When it comes to the Marvel Cinematic Universe, Agents of S.H.I.E.L.D. and its sister series on Netfix have always been outliers. While the television dramas tend to react to MCU events, they have little to no influence on what happens in the movies themselves. Over the years, S.H.I.E.L.D. experienced some growing pains as it tried to strike a balance between its own stories and the films’ game-changing turns. With Avengers: Infinity War, the show accomplished its best crossover yet by building the gravity of the blockbuster’s situation into the season and giving the team a villain powerful enough to rival Thanos himself.
For the sake of comparison, let’s take a look at how the show handled major MCU events in the past. The first — and very brief — crossover took place in “The Well,” the eighth episode of Season 1, which opened with an unglamorous look at the life of a S.H.I.E.L.D. agent, as the team was assigned to clean up Greenwich after the events of Thor: The Dark World. However, this minor “crossover” of sorts lasted only a few moments before seguing into the discovery of an Asgardian artifact from Norway called the Berserker Staff. While the episode tied into The Dark World thematically, it breezed over the actual events of the film pretty quickly.
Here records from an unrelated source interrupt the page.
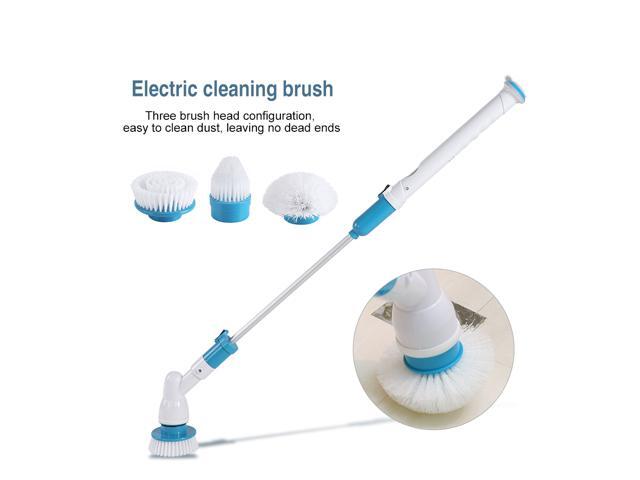 Electric Cordless Spin Scrubber 360?° Adjustable 3 Head for Tub Tile Floor Wall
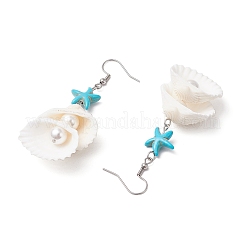 Оболочки болтающийся серьги EJEW-TA00646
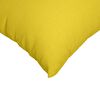 vidaXL Cuscini da Divano 2 pcs Giallo Chiaro 60 x 40 cm Tessuto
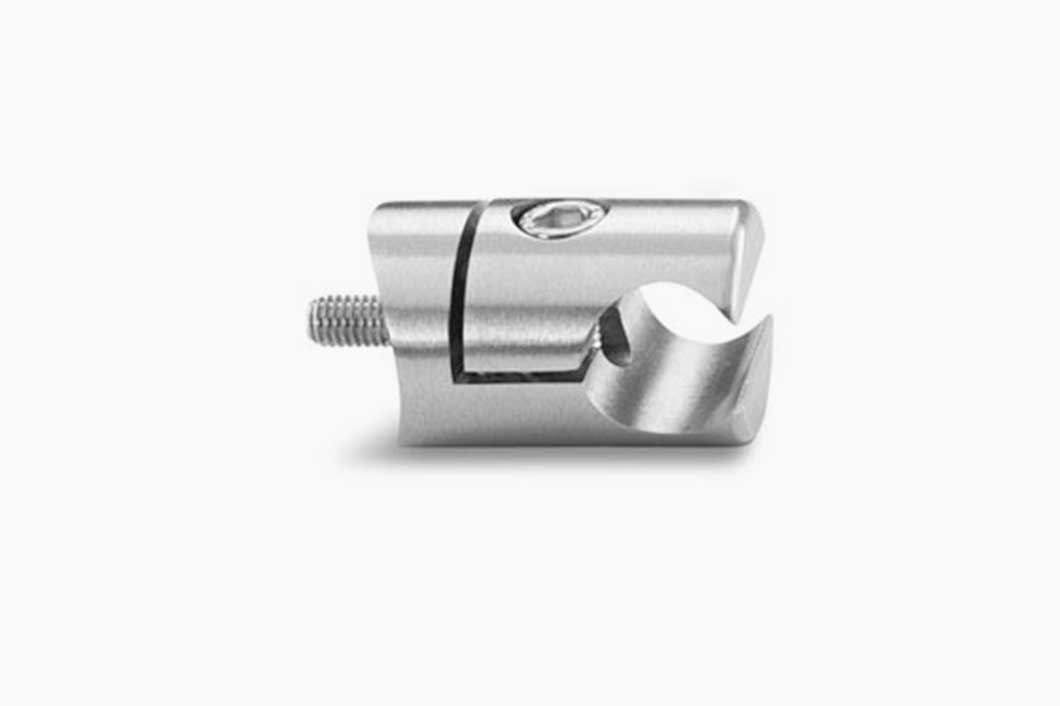 Profile bracket LR 18 for tube 42,4 mm, Stainless steel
Those disappointed by the dismissal of The Dark World found some solace in Captain America: The Winter Soldier, which fundamentally altered the show moving forward. Like The Winter Soldier, Season 1’s 17th episode, “Turn, Turn, Turn,” revealed Hydra had infiltrated S.H.I.E.L.D. As a result, the covert organization was dismantled and the team’s roster, shaken up after they discovered Grant Ward to be a Hydra sleeper agent. The show felt the effects of The Winter Soldier‘s fallout for years, up through the recently concluded Season 5.
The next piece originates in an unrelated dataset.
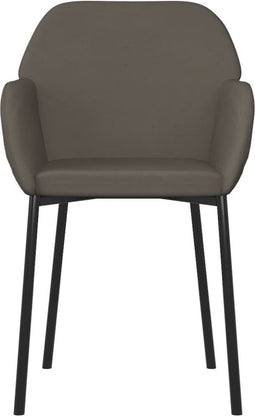 vidaXL - Eetkamerstoelen - 2 - st - fluweel - donkergrijs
However, The Winter Soldier may have hurt S.H.I.E.L.D. more than it helped. Until such time as the Hydra twist was revealed, the show was stuck twiddling its thumbs, more or less. Prior to “Turn, Turn, Turn,” the series bided its time with the mystery of Coulson’s resurrection, team building and a rather straightforward procedural narrative, where the team searched the globe for 0-8-4s, or “object[s] of unknown origin.” That simply wasn’t enough to hook the audience it brought in with its pilot episode; the ratings dipped by more than half between the series premiere and the Season 1 finale. While S.H.I.E.L.D. fans hail “Turn, Turn, Turn” as the narrative turning point for the series, it was just a little too late, and the show suffered for it, through no fault of its own. So, while that is certainly one of the best MCU crossovers the show has pulled off, it wasn’t wholly effective.
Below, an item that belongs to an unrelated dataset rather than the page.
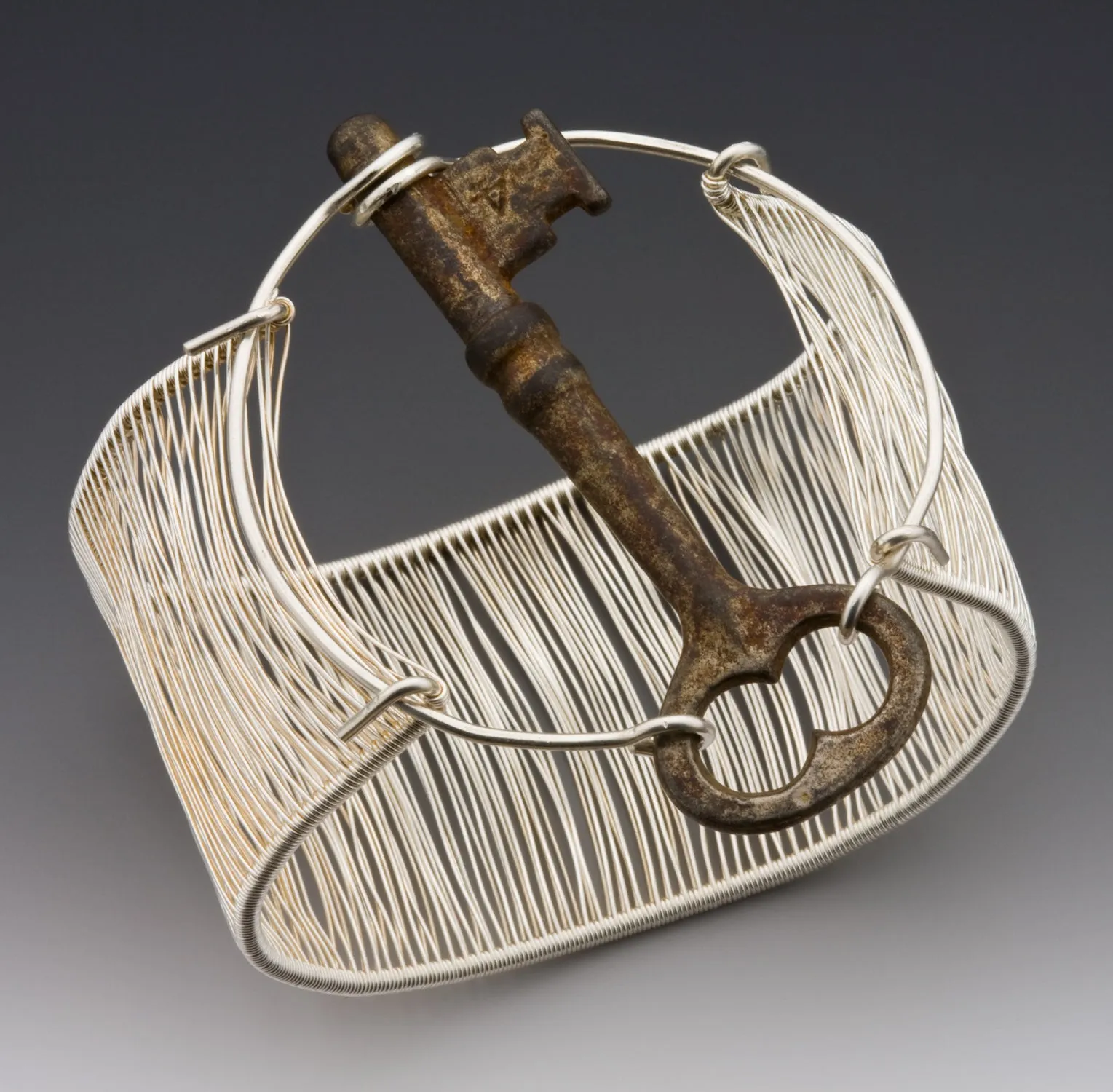 Woven Skeleton Key Cuff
Agents of S.H.I.E.L.D. played a more active role in 2015’s Avengers: Age of Ultron, which featured a scene where Nick Fury shows up in a Helicarrier and saves the day by evacuating Sokovian refugees from the doomed city. As explained in the Season 2 episode “Scars,” Fury and Coulson secretly worked together to rebuild a damaged Helicarrier spared from the carnage of The Winter Soldier and called it the Theta Protocol. Overseen by Sam Koenig, the Theta Protocol existed as a fail-safe to be used in the event of a world-ending scenario. When Ultron attacked Sokovia, Coulson and Fury agreed it was time to enact the Theta Protocol.